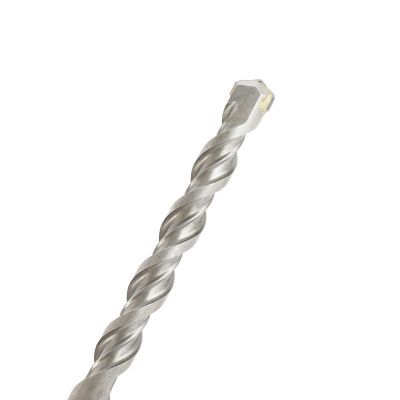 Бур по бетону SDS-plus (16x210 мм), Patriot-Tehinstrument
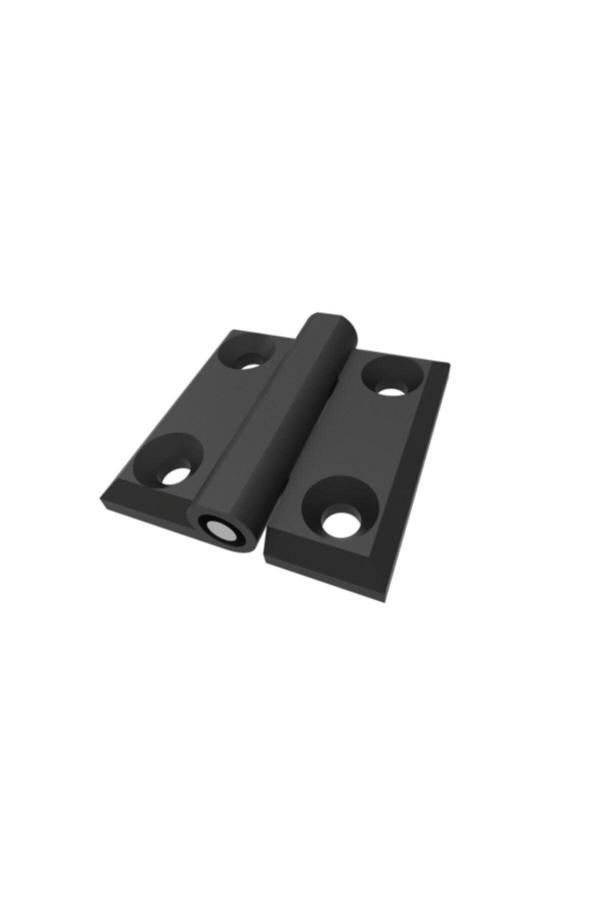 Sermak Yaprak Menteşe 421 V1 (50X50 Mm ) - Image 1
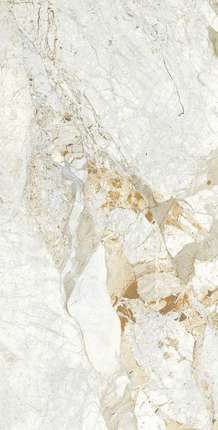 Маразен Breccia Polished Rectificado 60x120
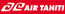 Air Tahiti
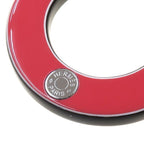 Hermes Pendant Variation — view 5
:::
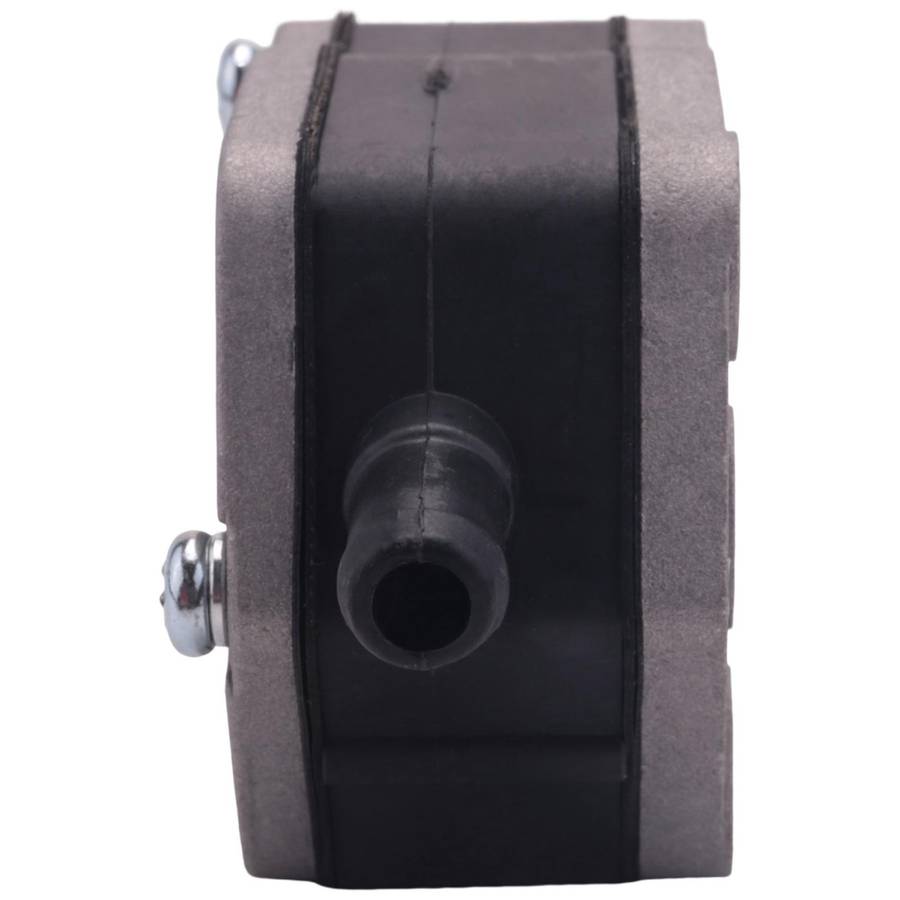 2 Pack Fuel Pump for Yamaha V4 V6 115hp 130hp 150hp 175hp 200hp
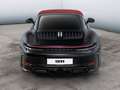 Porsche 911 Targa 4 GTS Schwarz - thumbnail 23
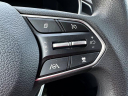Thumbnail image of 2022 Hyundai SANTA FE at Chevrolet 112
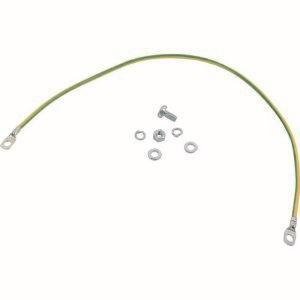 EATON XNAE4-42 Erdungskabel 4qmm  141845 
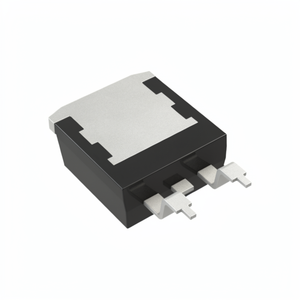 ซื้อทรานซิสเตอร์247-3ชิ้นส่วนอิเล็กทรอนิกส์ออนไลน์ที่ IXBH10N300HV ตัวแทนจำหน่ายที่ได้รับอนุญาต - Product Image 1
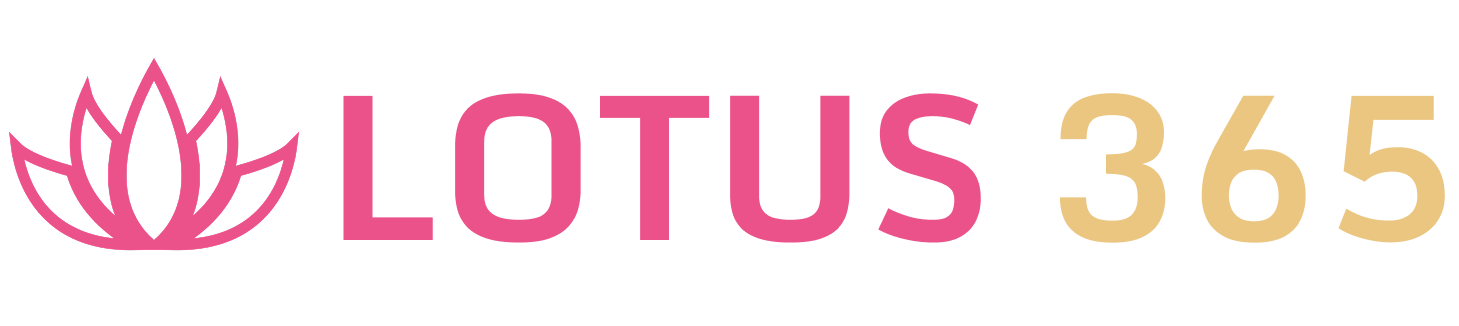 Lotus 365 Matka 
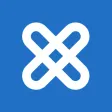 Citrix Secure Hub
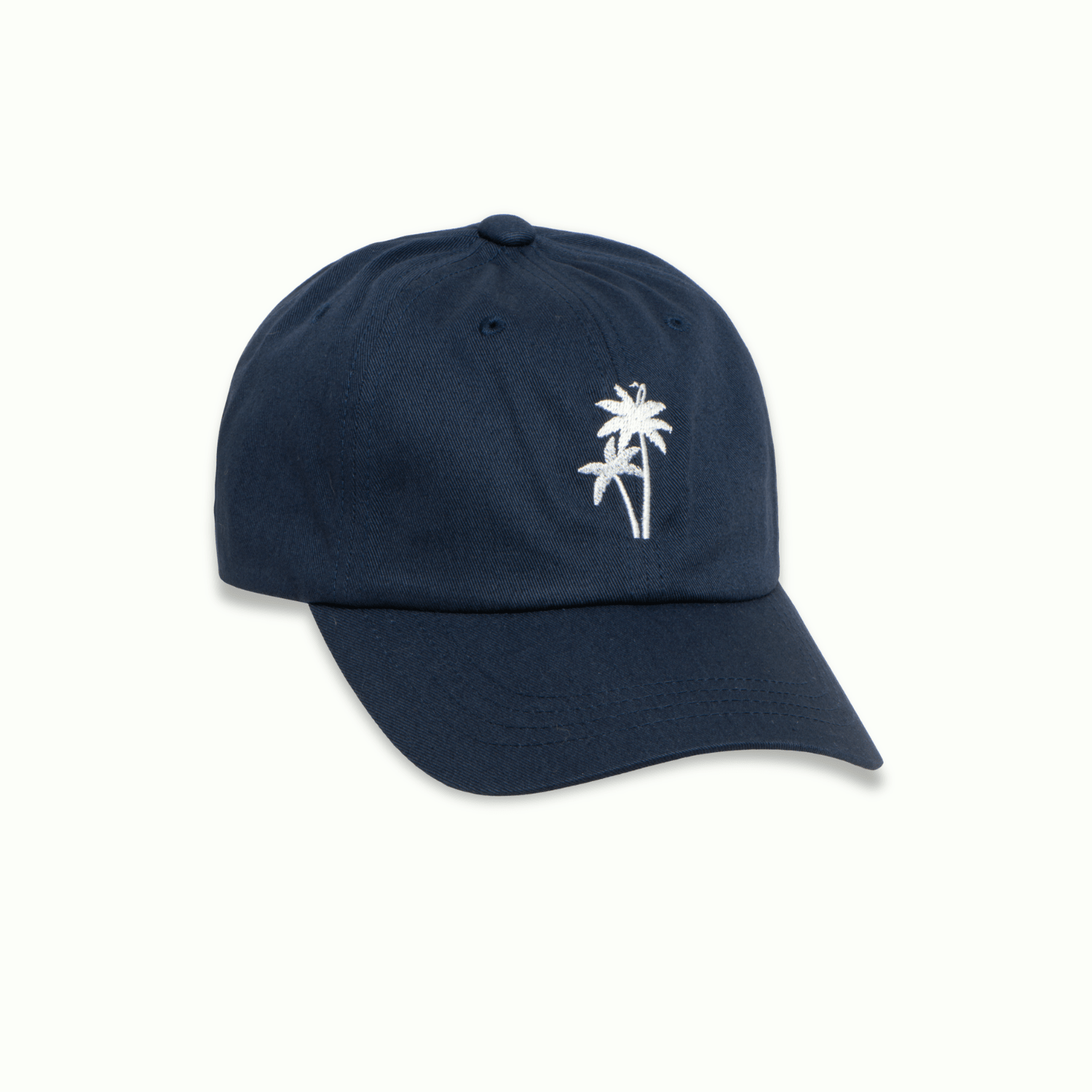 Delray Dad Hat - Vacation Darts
:::
**What you have to do**
Beginning with the line above that contains "Citrix Secure Hub" and finishing with the line that contains "Delray Dad Hat - Vacation Darts", print those lines exactly and only. Skip all pictures.

**Written answer**
 Citrix Secure Hub
 Delray Dad Hat - Vacation Darts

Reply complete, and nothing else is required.